30 March 2012

Desserts


Ginger Snaps! (perc goddess of Ginger Platoon)

Ingredients
2 cups of Oat Flour
1/4 cup unsweetened Applesauce
1/2 cup Splenda
2 Tbsp. Brown Sugar substitute
2 Tsp Water
1 tsp Vanilla extract
1 1/2 tsp ground Ginger
1 tsp. Cinnamon
1/4 tsp. Nutmeg
1/4 tsp. Ground Cloves

Instructions
Preheat the Oven to 300 Degrees.
Mix Applesauce, Splenda and Brown Sugar Substitute in a large bowl.
Add Water and spices and mix well.
Gradually add flour to bowl and mix to a stiff ball. Form into small
balls and place on greased cookie sheet at least 1 inch apart.
Bake for 20 minutes. Check frequently so the dont burn as cooking
time depends on your oven.
Final Comments
After 5 minutes of cooking, you can press cookes down in a criss cross manner. This is not necessary but if you dont press them down the wil look like the ones you buy in a store box.)
Makes 20-24 cookies.
Pre-Workout Cookie (Sally K.--Provida) ** These are really good! I love them!!
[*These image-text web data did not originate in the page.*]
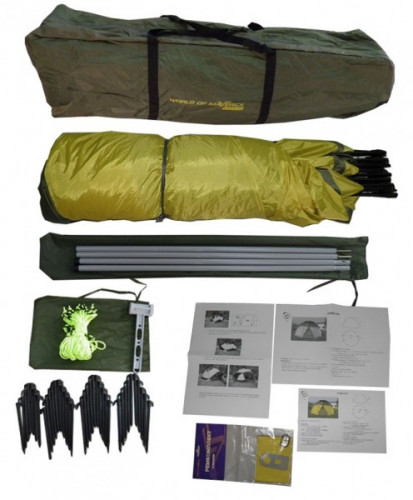 Шатер-тент World of Maverick COSMOS 600 в Томске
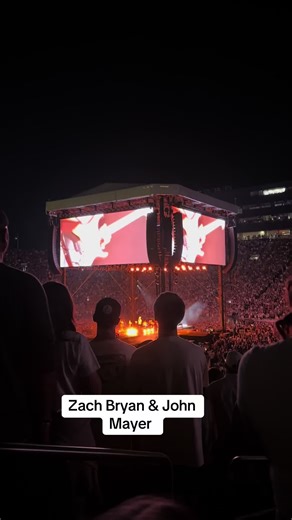 Zach Bryan y John Mayer: Música en Ann Arbor 2025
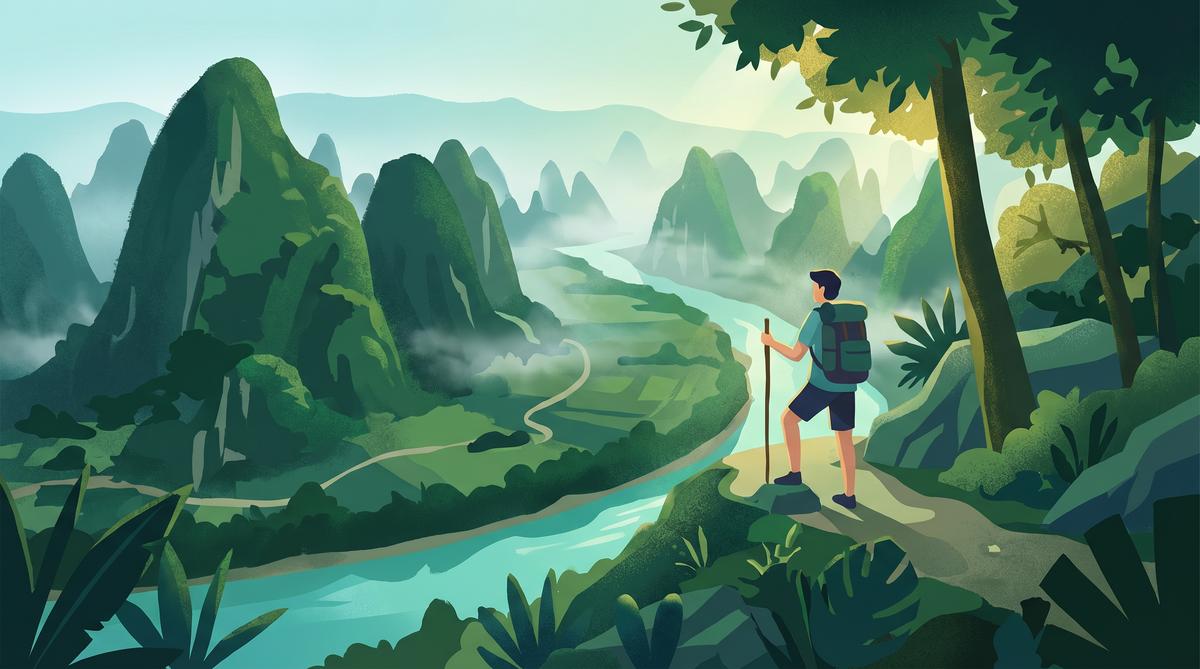 91网旅行视频专题 - 春季出行视频演示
This recipe can be doubled. Or make bigger batches and freeze in
individual servings.

Ingredients
1 banana
vanilla and/or other flavor extracts
1/2 cup oatmeal (not quick cooking)

Instructions
Mix flavoring With banana. Mash will. add oatmeal and mix
thoroughly.
Make 4 balls Place Balls on parchment paper and flatten.
Bake at 325 degrees for about 20 minutes.
Strawberry-Raspberry Sorbet (gabbiee04)

1/3 Cup of Water
3 TBLS of Splenda
½ tsp Lemon Juice
6 oz Raspberries (fresh)
1 lb Strawberries (fresh)

In a small saucepan, combine water, Splenda and lemon juice. Bring to a boil over med heat; boil 1 minute. You should have about ¼ cup of liquid after you boil. Cool to room temperature, about 15 minutes.
Roughly cut up strawberries put in food processor with raspberries and puree. Press through sieve to remove seeds. Add Splenda mixture and process until blended.
I measured it into small custard cups in 2 ¼ ounce servings*, put plastic wrap on them and put them in the freezer till frozen 2-4 hours. Made approx 6 servings
You could actually omit the water and Splenda in this recipe if your body doesn’t do well on Splenda. Just puree the fruit with lemon juice if desired and measure it into cups and freeze like above.

* Side Note; I measured out ½ Cup of the fruit roughly chopped and processed it and after it was processed it equaled = 2 ¼ ounces.